On arrival, the old Spanish pointer male was five days old, and presented a complete cleft of the primary and secondary palates and no other malformations (Figures 1a and b). The female of the same strain was one day old and had a complete cleft of the secondary palate (Figures 1c and d). The German shorthaired pointer pups were one week old and had normal palates. All of them were comfortably transported from the breeding centre to the Medical and Surgical Experimental Unit of the Hospital Clínico San Carlos under the supervision of two members of the research team.

Cleft nose and palate in the old Spanish pointer dog pups. (a) Old Spanish pointer male dog aged five days. The arrows indicate the cleft nose. (b) Presence of complete cleft palate (thick arrow) in this dog's mouth. The thin arrow points to the palatal shelf. (c) Same strain female pup with normal nose aged one day. (d) Complete cleft of the secondary palate (arrow) of the pup is shown in (c)
All dog pups were housed in the Medical and Surgical Experimental Unit of the Hospital Clínico San Carlos, which is legally approved as an animal centre for research use (Ref. ES280790000088). This centre fulfils all the requirements of the Spanish Royal Decree 1201/2005 and the EU Directive EC86/609 mentioned above, and has two qualified veterinary personnel in charge, who were also members of this research team. The dogs in this study were closely supervised by the personnel in the Unit, where they were housed independently (9.7 m2 rooms), with a dry floor for resting, and humidity maintained at 45 ± 10%, 32–21°C, depending on the age of the pups, and 12 h light (300 lux)/dark cycles. Toys adequate for each age were provided. An assistant vet and an investigator from the research team took direct care of the dogs (no less than 7 h/day), including their hygiene, playing and daily walks. All routine vaccines for the puppies were administered (Parvigen®, Virbac, Carros, France; Duramune® Puppy DP + C, Fort Dodge Laboratories Ireland, Sligo, Ireland; Novibac® Puppy DP, Intervet International BV, Boxmeer, The Netherlands; Maxivac Hepta®, Girona, Spain). The intranasal vaccine for kennel cough was not given.

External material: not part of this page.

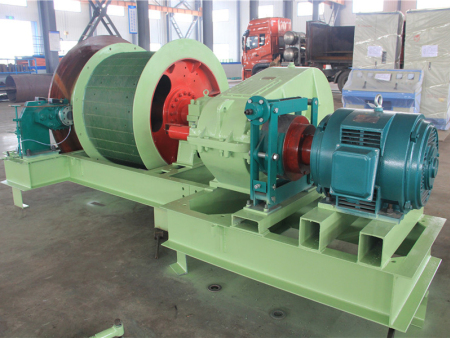 JTP-1.2型礦用提升絞車(chē)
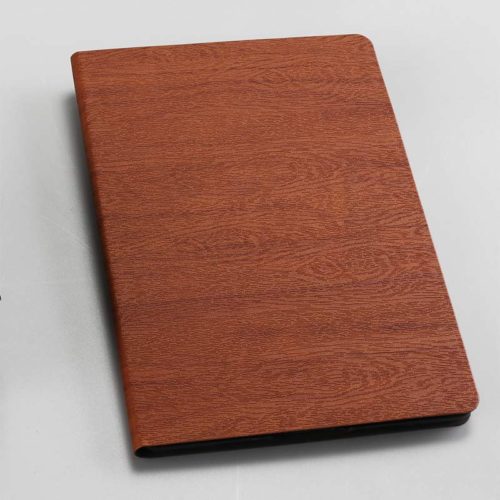 Wood Grain Pattern Smart Sleep Kickstand Case For iPad Mini 4 15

Antiparasitic treatment (Vithaminthe, Virbac; Zipyran, Calier, Barcelona, Spain), microchips and other dog needs were administered. Since the fate of all of these dogs was adoption, socialization was carried out by exposing the dogs to different people in the Unit and in a nearby public garden, where they played daily. Socialization was especially important from day 21 onwards.
Humane endpoints were established based on four parameters related to each of the following items: (1) physical appearance (hair/coat); (2) posture; (3) temperature; (4) respiratory frequency; (5) spontaneous behaviour; and (6) handling response. Each parameter was scored from 0 (normal) to 3 (highly abnormal). Total scores were calculated by combining the subscores assigned after subjective evaluation of each parameter. Total scores were calculated and ranged from 0 to 18. Pups with a score of 0–5 were considered healthy, whereas pups with a score of 6–12 were considered as demonstrating clinical signs associated with morbidity and requiring the establishment of therapeutic measures. Scores of 13–18 were considered humane endpoints for euthanasia.

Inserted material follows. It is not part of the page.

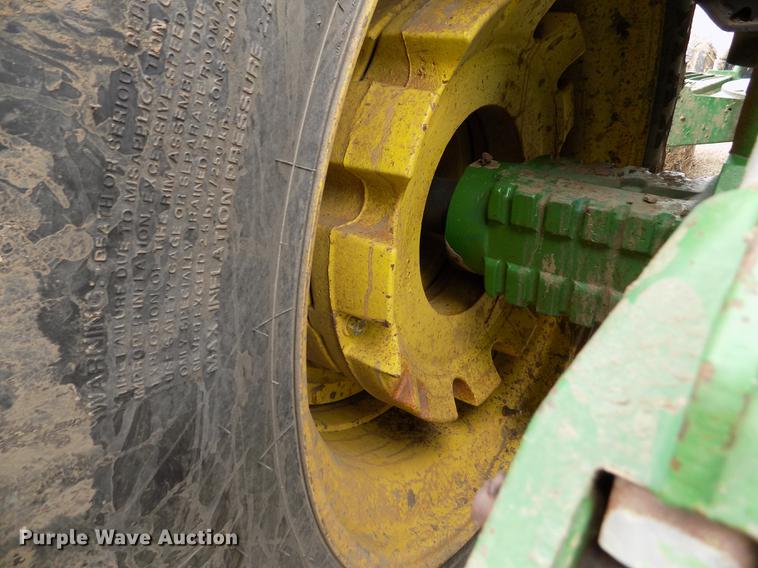 image for item FA9520 1989 John Deere 4755 tractor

Feeding the pups with a CP during lactation
The male pup with a CP had been fed naturally for two days, after which he had become lethargic and dehydrated. Once he was brought to the Unit he was injected with 18 mg/kg body weight amoxicillin/clavulanic acid (Sinulox, Pfizer Inc, New York, NY, USA) and 10 mL of a 50% Ringer–50% glucosate solution to restore hydration. Antibiotic therapy was given prophylactically and continued for three days. The female was naturally fed for only 20 h, before starting artificial lactation.

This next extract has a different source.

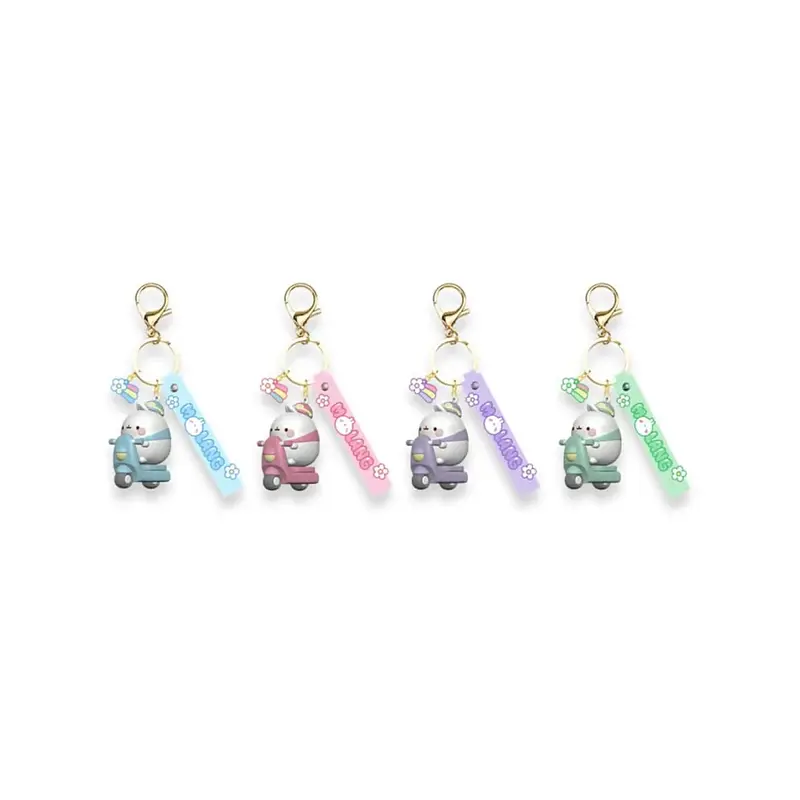 Molang sleutelhanger Scooter Series - Kies je favoriet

A custom-made feeding teat that could be used with any standard feeding bottle was then manufactured (Figure 2). First, an impression of the pup's palate was taken by carefully introducing and maintaining a very thin piece of fast-setting silicone putty (Dentalite, Madrid, Spain) into the dog's mouth with the little finger, which did not cause distress to the pup. A plaster cast was then produced from this impression (Figure 2a). Using the teat of a commercial feeding bottle, a cast was made with silicone putty (Figure 2b). More silicone was added to the suckling end (Figure 2b) to adapt its palatal surface to the palatal surface of the plaster cast (Figure 2c). With the help of a thermo-vacuum-forming machine (Easy Vac, Ultradent Products Inc, South Jordan, UT, USA) (Figure 2d), feeding teats made of 1.5 mm thick thermoplastic plates (Mouthguard 060, Dentaflux, Madrid, Spain) were produced, which moulded the silicone cast (Figures 2e and f). Three small holes were made on their lingual surfaces for milk outflow (Figure 2g) and their palatal side was labelled (Figure 2f). The pups were fed with Babydog Milk (Royal Canin, Paris, France), which was prepared and administered according to the manufacturer's instructions. The pup's mouth was wiped gently with a sterile cloth each time the feeding teat was removed. Immediately after the meal, each nostril was cleaned by aspiration or with a plastic Pasteur pipette.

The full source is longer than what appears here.